The Financial Industry Regulatory Authority is urging broker-dealers to review the various sanctions issued against Russian financial institutions, debt and equity offerings and leaders, and to monitor the Treasury Department’s Office of Foreign Asset Control (OFAC) website for more developments.

FINRA issued two alerts, one on Feb. 25 and the other on Monday.

As FINRA notes, the United States’ first action came on Feb. 21 when President Joe Biden issued an executive order titled “Blocking Property of Certain Persons and Prohibiting Certain Transactions With Respect to Continued Russian Efforts to Undermine the Sovereignty and Territorial Integrity of Ukraine.”
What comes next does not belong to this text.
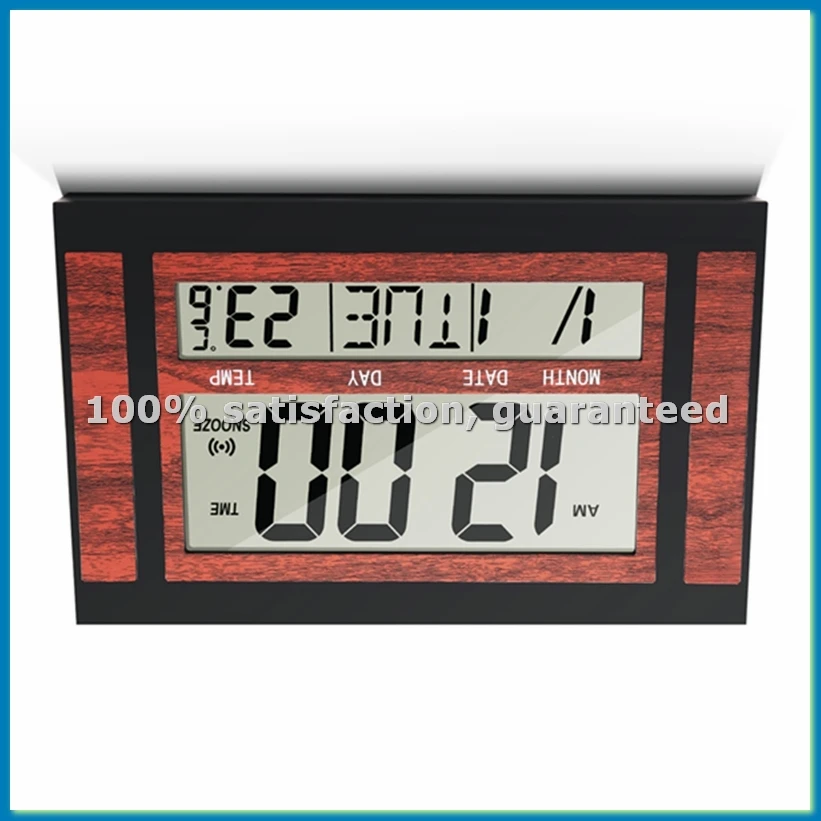 Digital Wall Clock LCD Large Number Time Temperature Calendar Alarm Table Desk Clock Modern Design Office Home Black-AT35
The next day, Treasury announced sanctions under Executive Order 14024 “in response to actions in the Donetsk and Luhansk regions” of Russia.
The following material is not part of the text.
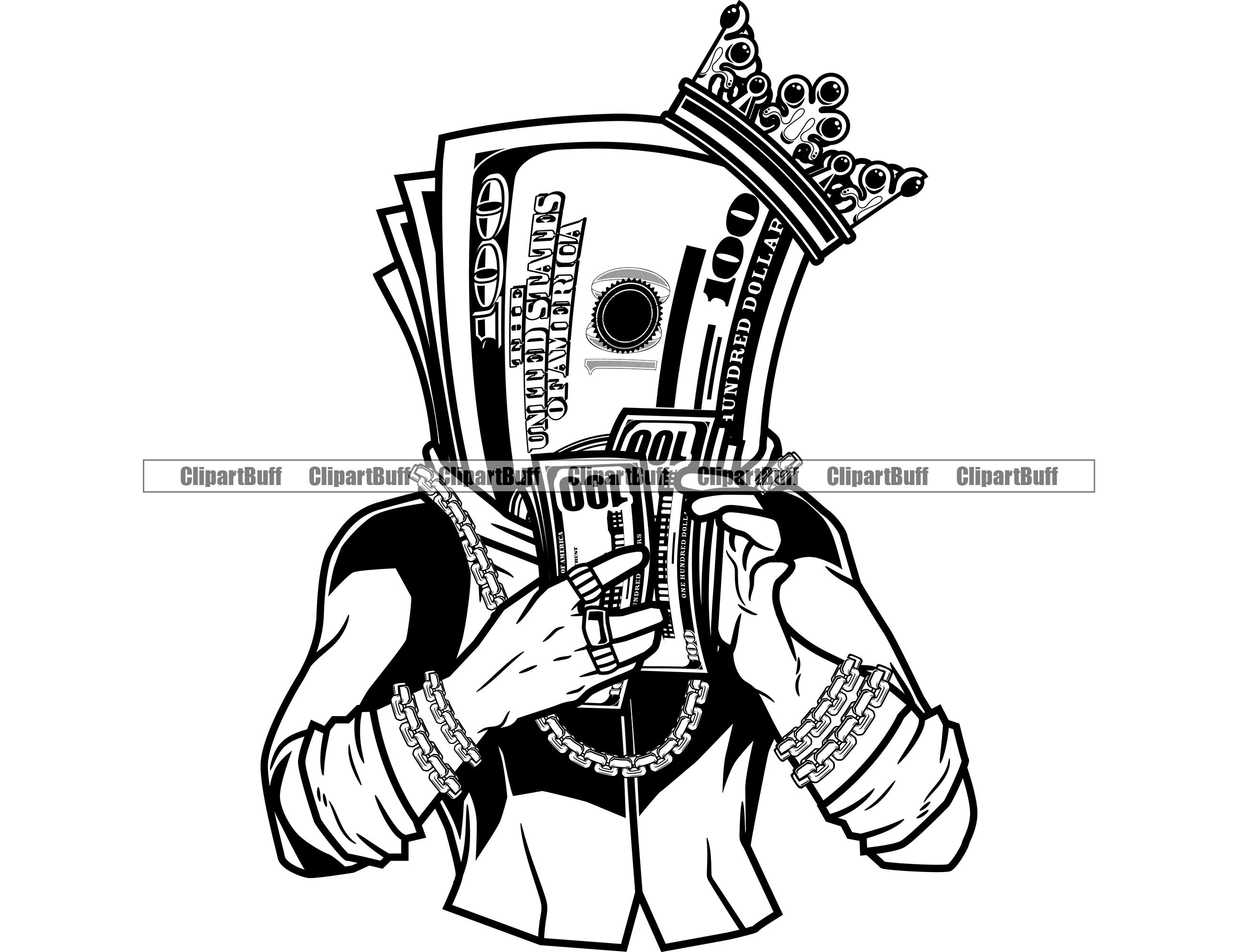 Hustle Money King 100 Dollar Bill Character Counting Cash Stack Gold ...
Treasury stated that the sanctions target “Russia’s ability to finance aggression against its neighbors by sanctioning the Corporation Bank for Development and Foreign Economic Affairs Vnesheconombank (VEB) and Promsvyazbank Public Joint Stock Company (PSB), along with 42 of their subsidiaries.”
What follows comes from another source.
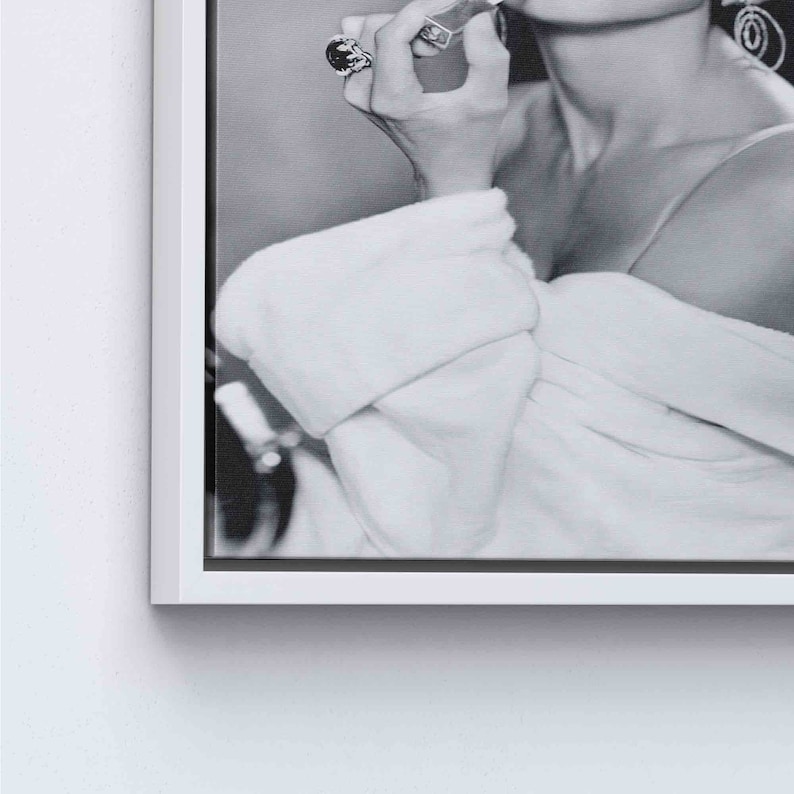 Hepburn Pink Lips Poster, Audrey Hepburn Printed, Audrey Poster, Lip Woman Printed, Iconic Canvas Art, Modern Canvas Art, White Framed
Treasury also announced the same day “increased restrictions on dealings in Russia’s sovereign debt” pursuant to Executive Order 14024 that extend “existing sovereign debt prohibitions to cover participation in the secondary market for bonds issued after March 1, 2022 by the Central Bank of the Russian Federation, the National Wealth Fund of the Russian Federation, or the Ministry of Finance of the Russian Federation.”

On Feb. 24, Treasury announced additional sanctions against Russia, with OFAC issuing Directive 2 Under Executive Order 14024: Prohibitions Related to Correspondent or Payable-Through Accounts and Processing of Transactions involving Certain Foreign Financial Institutions, as well as Directive 3 Under Executive Order 14024: Prohibitions Related to New Debt and Equity of Certain Russia-related Entities.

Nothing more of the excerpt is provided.